WHAT TO PRODUCE –
As soon as the line containing "Particle Overload in" appears, start repeating lines exactly and continue to the end of the entries; please skip pictures.

*** DATA FOR THIS TASK ***

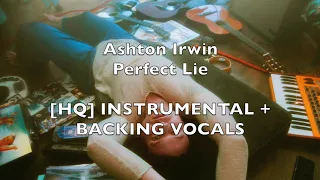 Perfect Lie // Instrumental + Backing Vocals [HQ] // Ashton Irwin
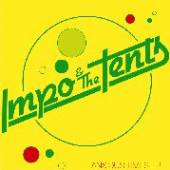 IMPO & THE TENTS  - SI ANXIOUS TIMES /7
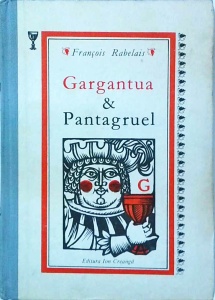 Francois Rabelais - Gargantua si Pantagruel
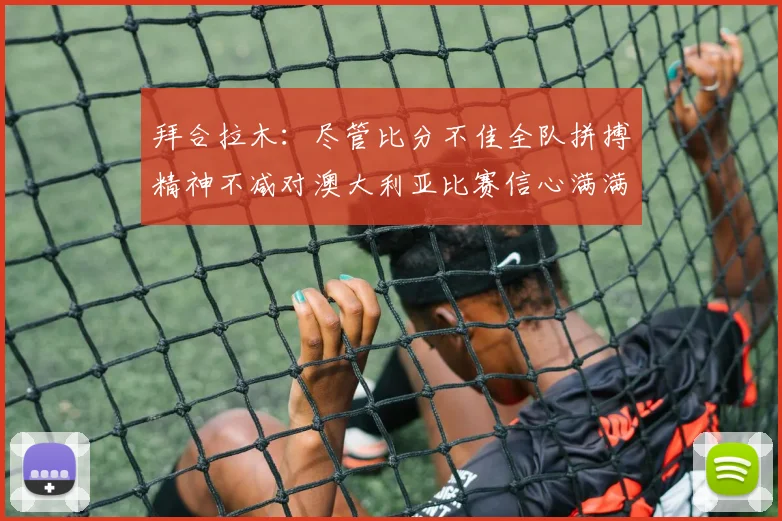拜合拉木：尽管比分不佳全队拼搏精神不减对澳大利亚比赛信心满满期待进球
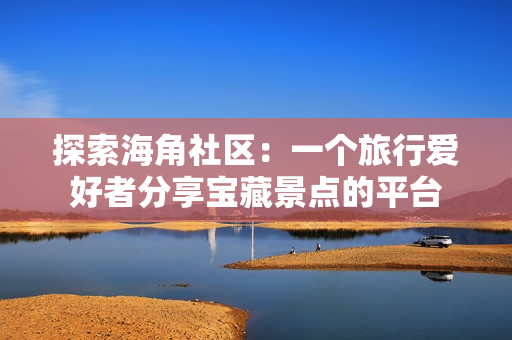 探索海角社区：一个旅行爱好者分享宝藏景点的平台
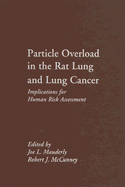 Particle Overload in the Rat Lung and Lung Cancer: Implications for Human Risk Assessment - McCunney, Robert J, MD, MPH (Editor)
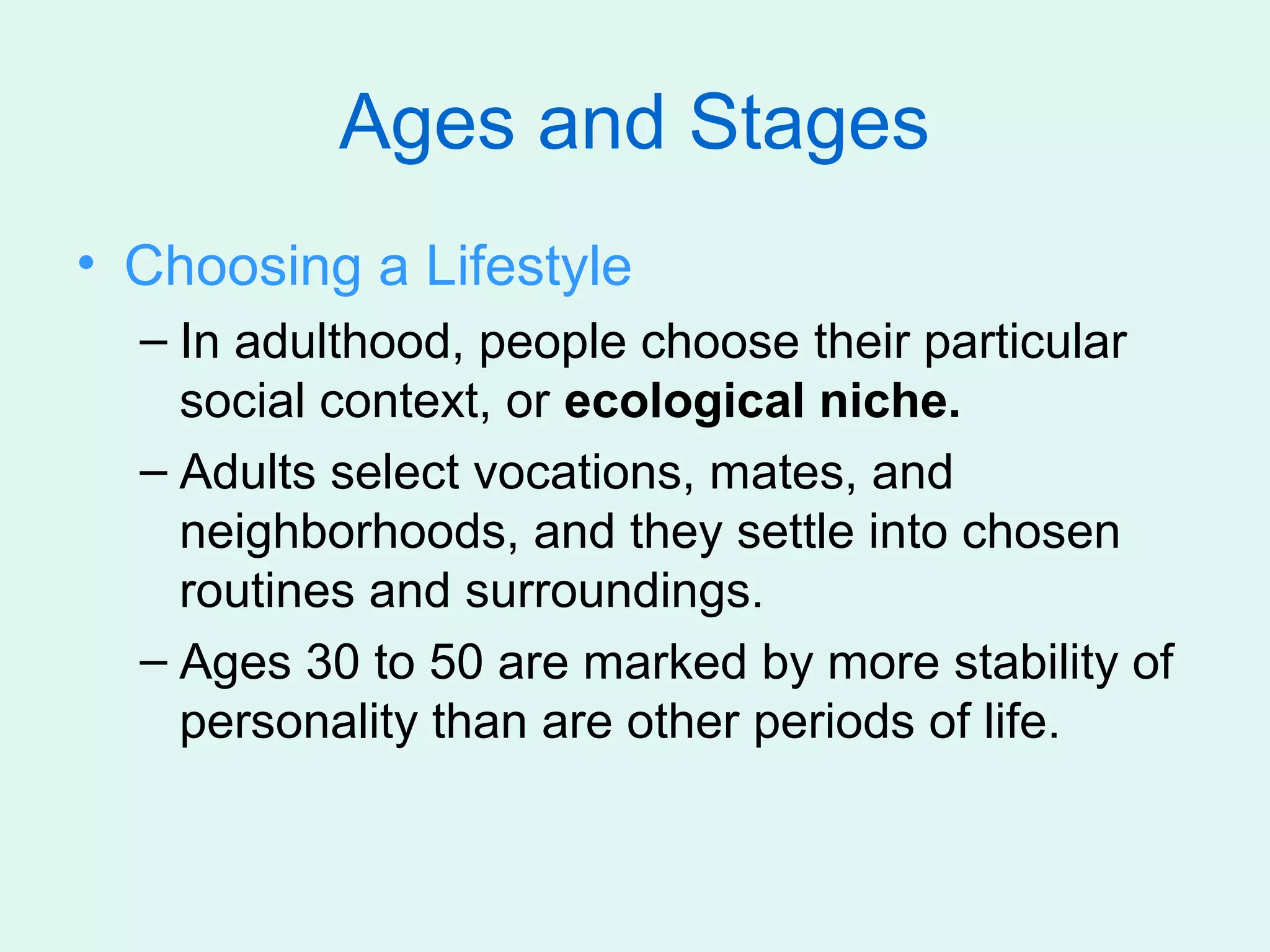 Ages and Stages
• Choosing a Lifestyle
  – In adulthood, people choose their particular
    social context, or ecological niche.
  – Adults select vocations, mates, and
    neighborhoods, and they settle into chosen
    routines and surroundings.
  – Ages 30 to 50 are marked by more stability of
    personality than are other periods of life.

*** End of DATA FOR THIS TASK ***

COMPLETED EXERCISE –
 Particle Overload in the Rat Lung and Lung Cancer: Implications for Human Risk Assessment - McCunney, Robert J, MD, MPH (Editor)
 Ages and Stages
• Choosing a Lifestyle
  – In adulthood, people choose their particular
    social context, or ecological niche.
  – Adults select vocations, mates, and
    neighborhoods, and they settle into chosen
    routines and surroundings.
  – Ages 30 to 50 are marked by more stability of
    personality than are other periods of life.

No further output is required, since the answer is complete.